Sindika - Building Tomorrow's Digital Infrastructure

The API is slow. Not “a little slow” — the kind of slow where your product manager opens DevTools, stares at a 4-second response, and walks over to your desk with that look.

You profile the endpoint. EF Core is generating SQL that looks like it was written by someone who lost a bet. A single query JOINs Orders to OrderLines to Products to Tags, producing 3,600 rows for what should be 20 orders. Pagination is broken. The database is doing more work than your entire CI pipeline.

You've just met the Cartesian explosion — and if you're using EF Core with complex domain models, it's only a matter of time before it finds you.

“We built a query engine that handles this automatically — detecting collection navigations, choosing the right split strategy, and building recursive filter expressions. This article shares the patterns we discovered, the mistakes we made, and the strategies that actually work in production.”

— Sindika Engineering Team

Whether you're building a SaaS platform, an enterprise ERP, or a data-heavy API, these patterns will transform how you think about EF Core queries. Let's start with the problem that everyone eventually hits.

Chapter 1: The Cartesian Explosion Problem

Consider a typical e-commerce domain: an Order has many OrderLines, each OrderLine has a Product, and each Product has many Tags. A perfectly normal domain model that maps cleanly to your database.

Now write the query everyone writes first:

var orders = await context.Orders
    .Include(o => o.OrderLines)
        .ThenInclude(ol => ol.Product)
            .ThenInclude(p => p.Tags)
    .OrderByDescending(o => o.OrderDate)
    .Take(20)
    .ToListAsync();

This looks innocent. EF Core translates it into a single SQL query with multiple JOINs. The problem? Row multiplication.
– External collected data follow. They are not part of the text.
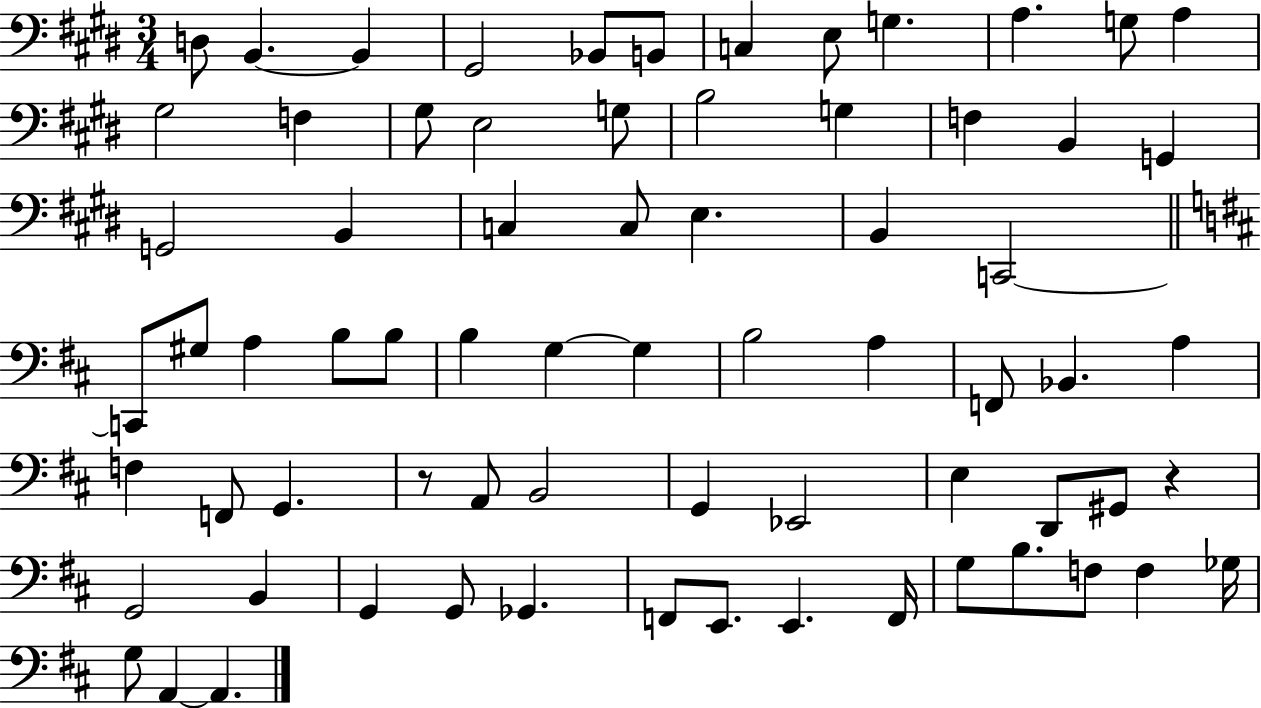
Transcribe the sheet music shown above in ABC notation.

X:1
T:Untitled
M:3/4
L:1/4
K:E
D,/2 B,, B,, ^G,,2 _B,,/2 B,,/2 C, E,/2 G, A, G,/2 A, ^G,2 F, ^G,/2 E,2 G,/2 B,2 G, F, B,, G,, G,,2 B,, C, C,/2 E, B,, C,,2 C,,/2 ^G,/2 A, B,/2 B,/2 B, G, G, B,2 A, F,,/2 _B,, A, F, F,,/2 G,, z/2 A,,/2 B,,2 G,, _E,,2 E, D,,/2 ^G,,/2 z G,,2 B,, G,, G,,/2 _G,, F,,/2 E,,/2 E,, F,,/4 G,/2 B,/2 F,/2 F, _G,/4 G,/2 A,, A,,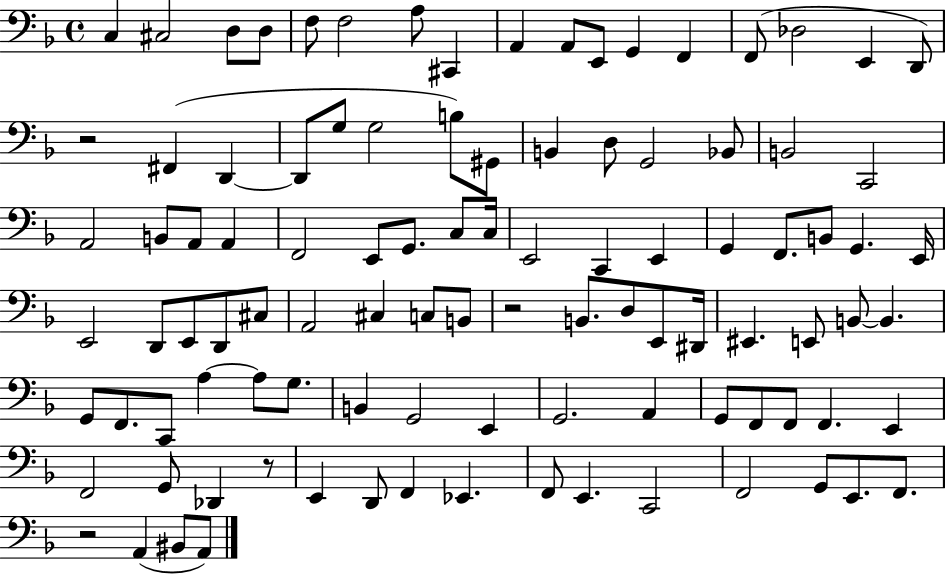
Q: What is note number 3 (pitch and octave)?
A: D3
If Order #1 has 3 OrderLines, and each Product has 4 Tags, that single order produces 3 × 4 = 12 rows in the result set. Multiply that by 20 orders, and you're looking at hundreds — sometimes thousands — of rows for a simple page load.
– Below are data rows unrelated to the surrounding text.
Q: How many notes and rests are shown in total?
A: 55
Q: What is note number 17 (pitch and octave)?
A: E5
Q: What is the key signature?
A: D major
Each JOIN multiplies rows. What should be 20 records becomes thousands. Your LIMIT 20 now applies to joined rows, not orders.

But the row explosion isn't even the worst part. The LIMIT 20 in your query applies to the joined result set, not to the parent entities. So Take(20) might return only 3 or 4 actual orders instead of 20 — because the 20-row limit was consumed by the exploded rows of the first few orders.
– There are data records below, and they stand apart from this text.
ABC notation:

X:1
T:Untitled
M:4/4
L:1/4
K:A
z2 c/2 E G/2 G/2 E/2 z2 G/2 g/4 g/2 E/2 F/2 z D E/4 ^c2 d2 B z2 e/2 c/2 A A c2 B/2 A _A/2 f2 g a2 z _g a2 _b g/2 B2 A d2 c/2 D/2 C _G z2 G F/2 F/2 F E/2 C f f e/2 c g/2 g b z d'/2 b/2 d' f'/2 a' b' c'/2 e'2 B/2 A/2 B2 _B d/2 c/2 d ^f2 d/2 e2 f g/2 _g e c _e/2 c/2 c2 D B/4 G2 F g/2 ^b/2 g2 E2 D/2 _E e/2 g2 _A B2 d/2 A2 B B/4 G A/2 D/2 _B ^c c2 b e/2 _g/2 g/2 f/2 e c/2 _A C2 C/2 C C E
Your pagination is silently broken, and nobody notices until a customer complains that page 2 shows the same items as page 1.

Chapter 2: EF Core's Built-in Answer

EF Core 5.0 introduced .AsSplitQuery() — a deceptively simple method that changes everything. Instead of one massive JOIN, EF Core issues separate SQL queries for each collection navigation:

var orders = await context.Orders
    .Include(o => o.OrderLines)
        .ThenInclude(ol => ol.Product)
            .ThenInclude(p => p.Tags)
    .AsSplitQuery()            // ← The magic line
    .OrderByDescending(o => o.OrderDate)
    .Take(20)
    .ToListAsync();

Split queries solve Cartesian explosion — but each split repeats the full base query with all its WHERE, ORDER BY, and LIMIT clauses.

This fixes pagination. LIMIT 20 now correctly applies to the parent Orders query, then child collections are loaded by matching parent IDs. No more row multiplication.

But — and there's always a “but” — there's a hidden cost.

🤔 The Hidden Tax of Auto Split

▸Repeated base queries — every split query repeats your entire WHERE clause, ORDER BY, and LIMIT/OFFSET. If your filters include complex EXISTS subqueries, they execute N times instead of once.
▸Database plan overhead — the query planner must parse and optimize the same complex query multiple times. With recursive collection filters, each split may contain deeply nested EXISTS clauses.
▸N+1... but intentionally — yes, split queries are technically N+1. The difference is that each query returns a focused result set. But with 5+ collection levels, that's 6+ round trips to the database.
▸Reflection dependency — if you're building a query engine library (like we did), calling .AsSplitQuery() requires a reference to Microsoft.EntityFrameworkCore.Relational. We solved this with reflection.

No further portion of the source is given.